# Task:
The answer is to be the full listing, unchanged in every line.

# Dataset extract:
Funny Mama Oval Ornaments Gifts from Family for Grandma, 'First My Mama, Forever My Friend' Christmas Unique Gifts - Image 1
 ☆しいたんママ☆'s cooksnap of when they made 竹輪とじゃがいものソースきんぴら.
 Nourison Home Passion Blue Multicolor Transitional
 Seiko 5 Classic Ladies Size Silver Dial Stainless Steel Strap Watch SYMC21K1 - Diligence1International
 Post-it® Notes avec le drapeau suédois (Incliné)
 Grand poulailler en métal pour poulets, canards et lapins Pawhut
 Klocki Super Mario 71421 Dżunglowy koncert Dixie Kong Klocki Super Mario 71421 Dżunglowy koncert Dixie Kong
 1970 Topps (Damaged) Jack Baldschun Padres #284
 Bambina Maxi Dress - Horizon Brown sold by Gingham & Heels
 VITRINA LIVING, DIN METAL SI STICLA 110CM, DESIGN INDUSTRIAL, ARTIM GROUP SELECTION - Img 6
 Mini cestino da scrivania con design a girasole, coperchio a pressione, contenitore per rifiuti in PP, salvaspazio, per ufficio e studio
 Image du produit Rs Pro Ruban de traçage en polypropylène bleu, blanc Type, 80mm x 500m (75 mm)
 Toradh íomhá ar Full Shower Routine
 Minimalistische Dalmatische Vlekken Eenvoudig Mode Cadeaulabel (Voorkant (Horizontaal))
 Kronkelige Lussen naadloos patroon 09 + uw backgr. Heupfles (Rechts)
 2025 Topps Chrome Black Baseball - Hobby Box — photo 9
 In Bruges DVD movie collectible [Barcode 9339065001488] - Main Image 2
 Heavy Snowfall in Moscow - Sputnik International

# Solution to the exercise:
Funny Mama Oval Ornaments Gifts from Family for Grandma, 'First My Mama, Forever My Friend' Christmas Unique Gifts - Image 1
 ☆しいたんママ☆'s cooksnap of when they made 竹輪とじゃがいものソースきんぴら.
 Nourison Home Passion Blue Multicolor Transitional
 Seiko 5 Classic Ladies Size Silver Dial Stainless Steel Strap Watch SYMC21K1 - Diligence1International
 Post-it® Notes avec le drapeau suédois (Incliné)
 Grand poulailler en métal pour poulets, canards et lapins Pawhut
 Klocki Super Mario 71421 Dżunglowy koncert Dixie Kong Klocki Super Mario 71421 Dżunglowy koncert Dixie Kong
 1970 Topps (Damaged) Jack Baldschun Padres #284
 Bambina Maxi Dress - Horizon Brown sold by Gingham & Heels
 VITRINA LIVING, DIN METAL SI STICLA 110CM, DESIGN INDUSTRIAL, ARTIM GROUP SELECTION - Img 6
 Mini cestino da scrivania con design a girasole, coperchio a pressione, contenitore per rifiuti in PP, salvaspazio, per ufficio e studio
 Image du produit Rs Pro Ruban de traçage en polypropylène bleu, blanc Type, 80mm x 500m (75 mm)
 Toradh íomhá ar Full Shower Routine
 Minimalistische Dalmatische Vlekken Eenvoudig Mode Cadeaulabel (Voorkant (Horizontaal))
 Kronkelige Lussen naadloos patroon 09 + uw backgr. Heupfles (Rechts)
 2025 Topps Chrome Black Baseball - Hobby Box — photo 9
 In Bruges DVD movie collectible [Barcode 9339065001488] - Main Image 2
 Heavy Snowfall in Moscow - Sputnik International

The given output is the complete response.